→ WORK ITEM:
Could you set down exactly the lines of the data below, starting at the one that holds "action Mens Walker-155" and ending at the one that holds "Purchase Top-Quality Front", both included, and only those?

→ INPUT MATERIAL:
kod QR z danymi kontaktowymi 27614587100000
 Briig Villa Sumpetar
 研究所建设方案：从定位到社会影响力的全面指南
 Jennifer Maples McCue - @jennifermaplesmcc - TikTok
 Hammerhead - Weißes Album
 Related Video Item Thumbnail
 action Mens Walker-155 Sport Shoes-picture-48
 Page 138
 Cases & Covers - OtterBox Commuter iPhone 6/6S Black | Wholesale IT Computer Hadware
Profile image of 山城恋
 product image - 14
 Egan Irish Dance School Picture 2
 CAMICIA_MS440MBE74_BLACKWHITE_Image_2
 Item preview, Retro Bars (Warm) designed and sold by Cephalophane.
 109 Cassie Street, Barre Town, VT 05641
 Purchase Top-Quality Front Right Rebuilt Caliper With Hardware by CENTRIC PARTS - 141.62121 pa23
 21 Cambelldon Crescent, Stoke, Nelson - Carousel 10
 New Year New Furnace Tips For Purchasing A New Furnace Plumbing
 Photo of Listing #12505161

→ EXERCISE SOLUTION:
 action Mens Walker-155 Sport Shoes-picture-48
 Page 138
 Cases & Covers - OtterBox Commuter iPhone 6/6S Black | Wholesale IT Computer Hadware
Profile image of 山城恋
 product image - 14
 Egan Irish Dance School Picture 2
 CAMICIA_MS440MBE74_BLACKWHITE_Image_2
 Item preview, Retro Bars (Warm) designed and sold by Cephalophane.
 109 Cassie Street, Barre Town, VT 05641
 Purchase Top-Quality Front Right Rebuilt Caliper With Hardware by CENTRIC PARTS - 141.62121 pa23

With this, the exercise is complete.